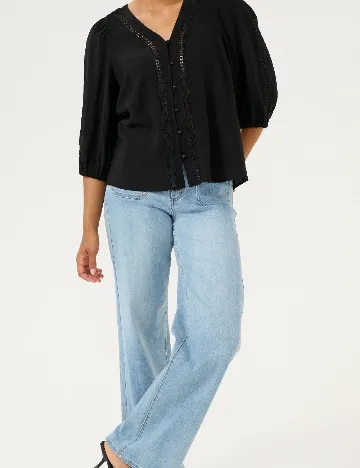 Bluza Kaffe, negru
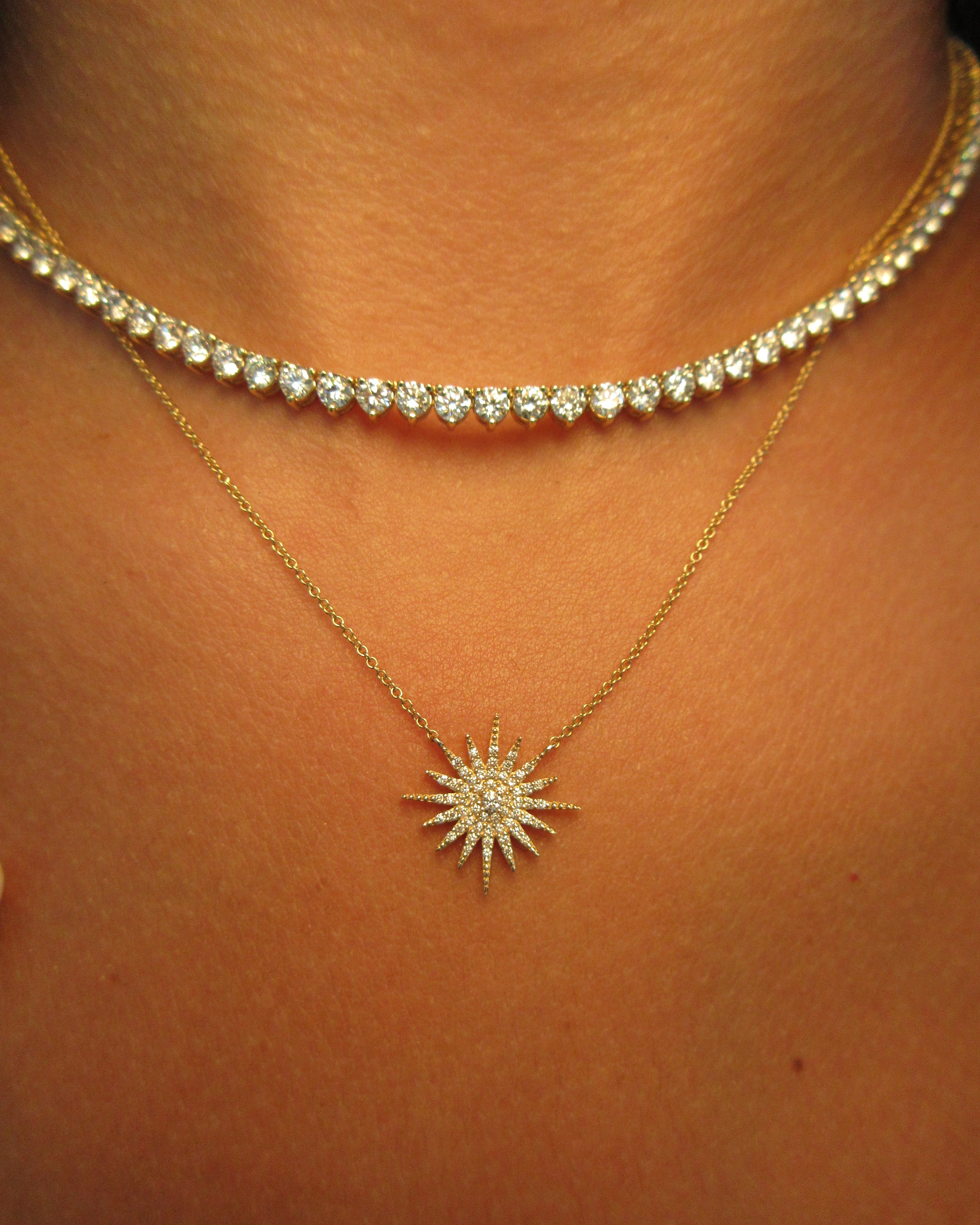 Starburst Diamond Necklace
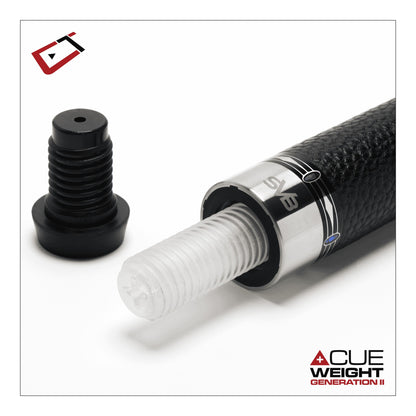 Cuetec Cynergy SVB Gen II Gray Stain Pool Cue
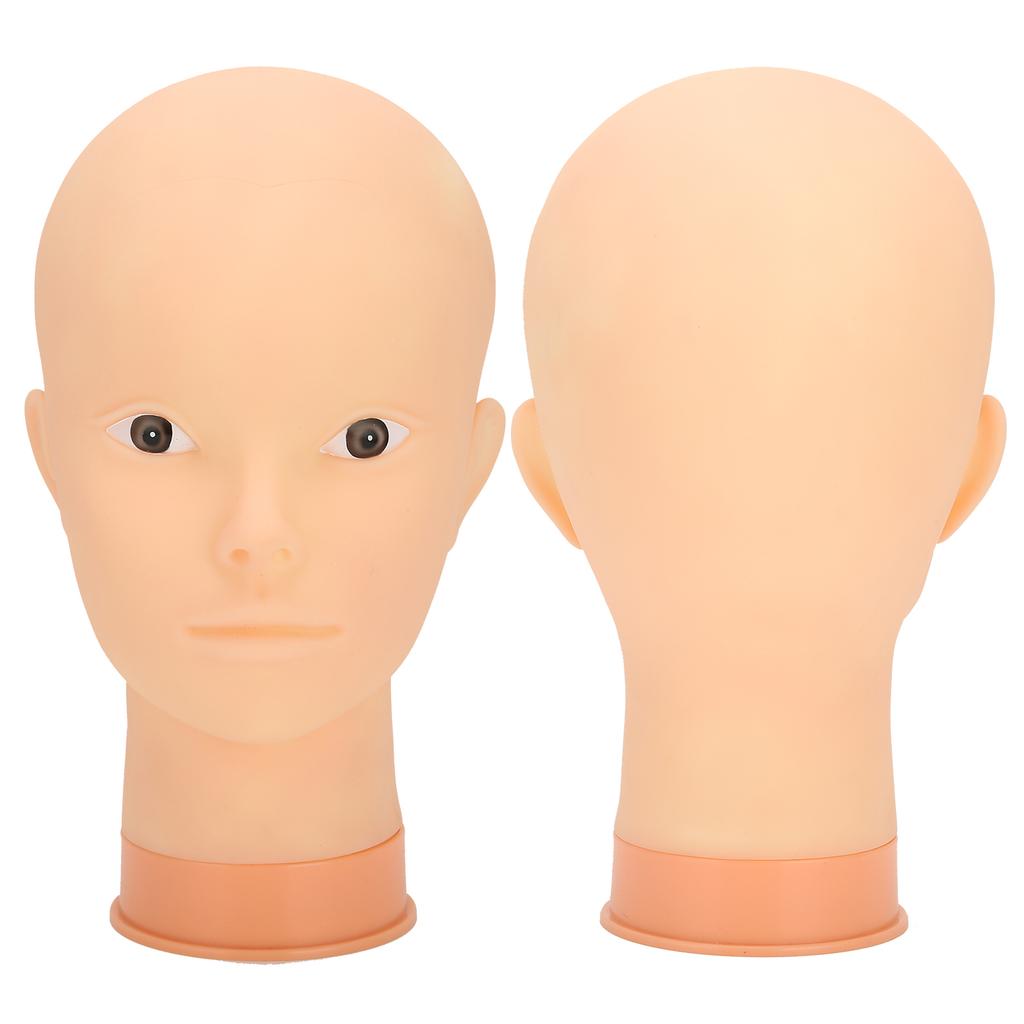 Hut Perücke Display Mannequin Kopf Modell Make-Up Training Praxis Glatze Mannequin Kopf (Rosa Basis)ohne Make-up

**Assigned task:** Find the line containing "Cuetec Cynergy SVB" in the listing above. Please restate word for word that line through the last one, leaving out the pictures.

**Your response:**
 Cuetec Cynergy SVB Gen II Gray Stain Pool Cue
 Hut Perücke Display Mannequin Kopf Modell Make-Up Training Praxis Glatze Mannequin Kopf (Rosa Basis)ohne Make-up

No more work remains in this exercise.